RECORDS FOR THE TASK

....................

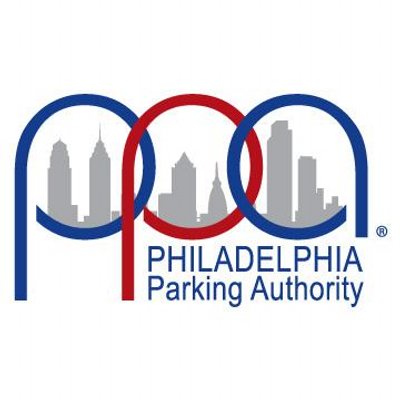 The Philadelphia Parking Authority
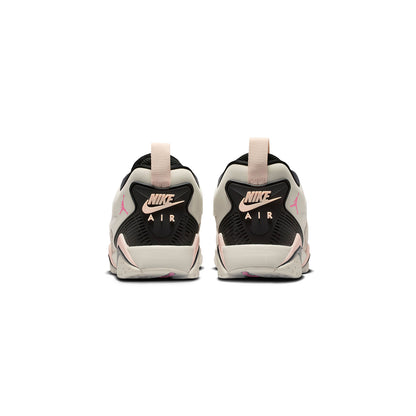 Zapatillas Urbano Hombre Nike Jordan Mvp 92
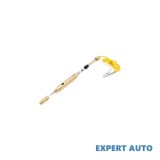 Creion tester tensiune din cupru cod: 85016 Alta marca Alt model #7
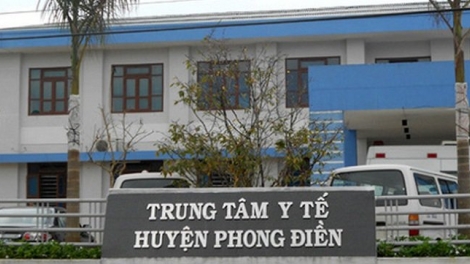 Rút quyết định xử phạt bác sĩ "nói xấu" Bộ trưởng Bộ Y tế trên Facebook: Pháp luật đã được thực thi (24/10/2017)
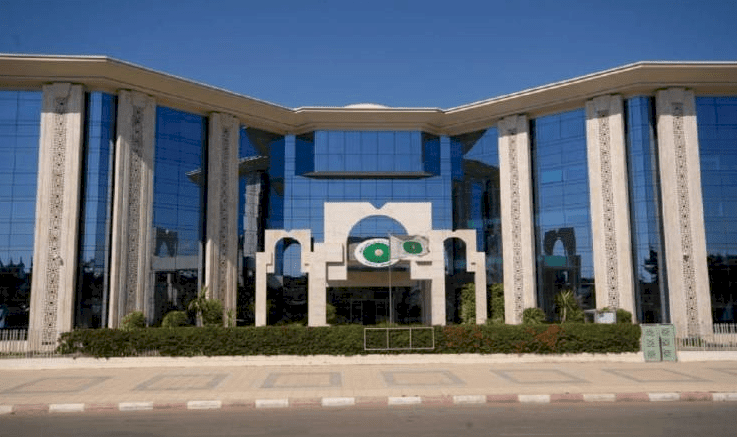 فلسطين تفوز برئاسة المجلس التنفيذي لـ"إيسيسكو"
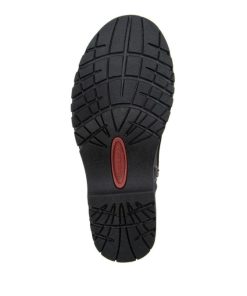 Kickspost.shop67f30b5557 5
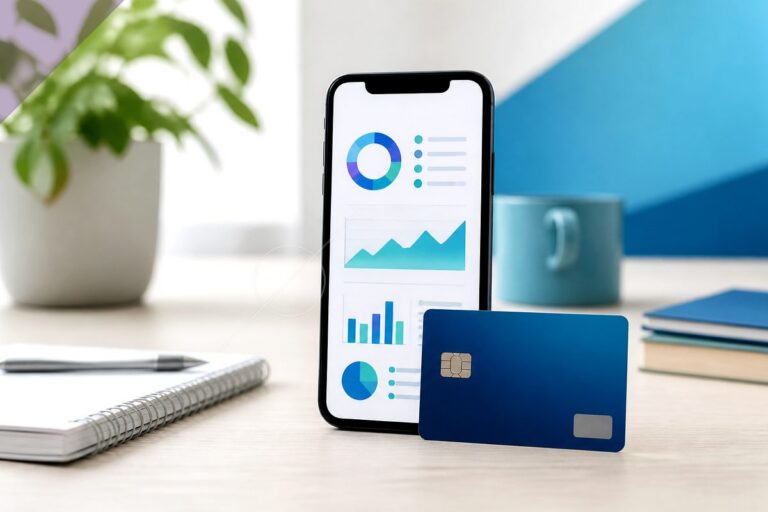 L’essor des paiements par smartphone en France : l’avenir des transactions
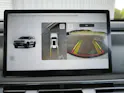 BAIC BJ30 1.5 HEV AWD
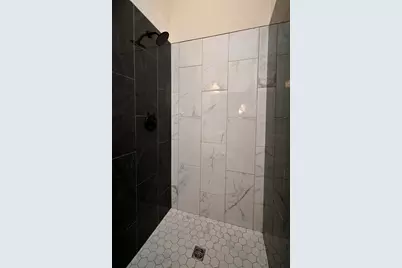 431 8th Avenue, Dayton, KY 41074 - Photo 13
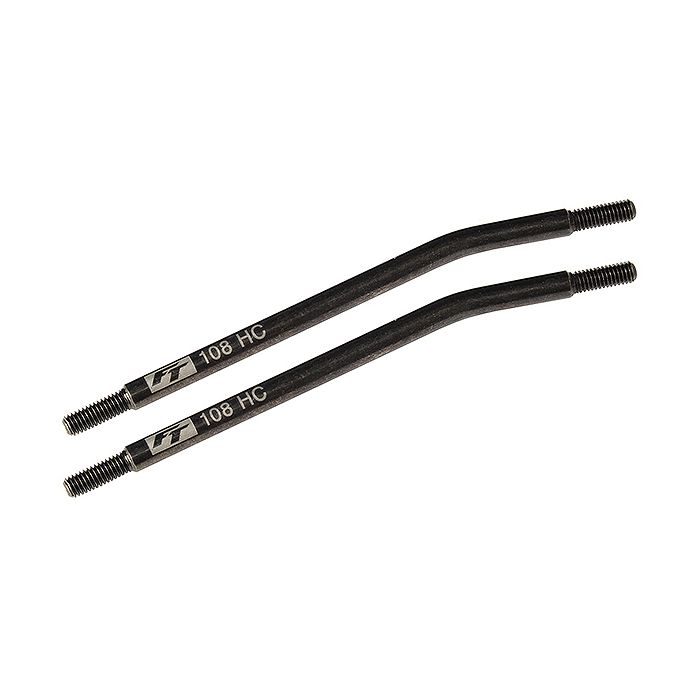 Element RC Ft Enduro Hc Links 108mm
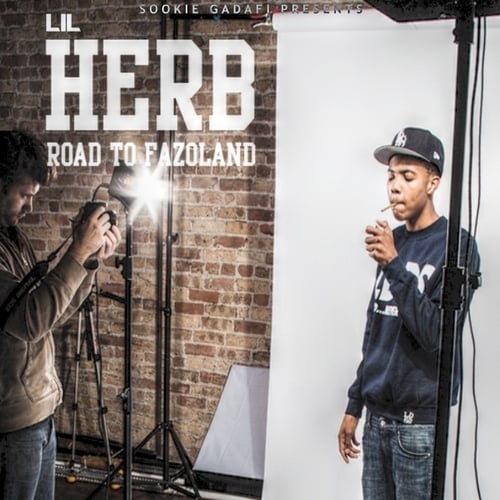 Cover image for Road to Fazoland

....................

EXERCISE GOAL
If a picture falls within the lines from the one containing "Kickspost.shop67f30b5557 5" through the end of the material, leave it out while repeating those lines exactly.

RESULT
 Kickspost.shop67f30b5557 5
 L’essor des paiements par smartphone en France : l’avenir des transactions
 BAIC BJ30 1.5 HEV AWD
 431 8th Avenue, Dayton, KY 41074 - Photo 13
 Element RC Ft Enduro Hc Links 108mm
 Cover image for Road to Fazoland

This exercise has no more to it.